Carlos S. Alvarado, PhD, Visiting Scholar, Rhine Research Center
Those of you interested in the relationship between ESP and the brain hemispheres will remember the experimental work of Richard Broughton and Michaeleen Maher, among others. The topic is being revisited in a review article in which experiments on the topic are commented:
Williams, B. J. (2012). Extrasensory Perception and the Brain Hemispheres: Where Does the Issue Stand Now? NeuroQuantology, 10, 350-373. http://www.neuroquantology.com/index.php/journal/article/view/600/523#.UXdb4-TD9fo
For over a century, evidence has been gathered to indicate that the two cerebral hemispheres of the human brain each tend to have their own behavioral specializations. An issue that has long been of interest to parapsychologists is whether the ostensibly anomalous behavioral phenomenon of “extrasensory perception” (ESP), in which a person seems to obtain veridical information about other people, objects, places, or events beyond the range of the body’s sensory-motor system, may be a specialized function of either of the brain hemispheres.
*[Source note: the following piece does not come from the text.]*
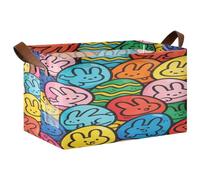 Loancwa The Rabbit Pattern in The Easter Egg - Contenedor de almacenamiento plegable con marco de metal, cesta organizadora de tela de rejilla de poliéster impermeable con base de tablero hueca para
To address this issue, a review of parapsychological experiments designed to explore the potential relevance of cerebral lateralization to ESP performance was initially conducted by Broughton in 1983. He generally concluded that, although there was some possible indication of a contribution to ESP by the right hemisphere, the results were mixed and possibly confounded by issues of interpretation. In a more concise review conducted in 2002, Alexander found that a limited number of experiments continued to indicate a right hemispheric tendency, although certain others separately indicated left hemispheric involvement. Thus, the issue is still clearly unresolved. This paper seeks to build upon these two previous reviews by providing an updated and broader review of the various findings obtained in the experiments that have been conducted up to the present time. Although several experiments continue to offer modest support for a right hemispheric contribution, general interpretation of the current database remains hindered by a wide degree of variability in experimental methods and outcomes, potentially confounding factors, and the scarcity of additional clarifying data. Thus, while the issue remains unresolved, there appear to be at least some potential avenues for progress in future experiments.
Bryan Williams is currently associated with the Psychical Research Foundation, a Texas-based non-profit organization devoted to research and education in parapsychology (http://www.psychicalresearchfoundation.com). From 2004 to 2011, he studied under the late Dr. William Roll of the University of West Georgia, and he was a co-recipient of the 2008 Eileen J. Garrett Scholarship Award offered by the Parapsychology Foundation in New York.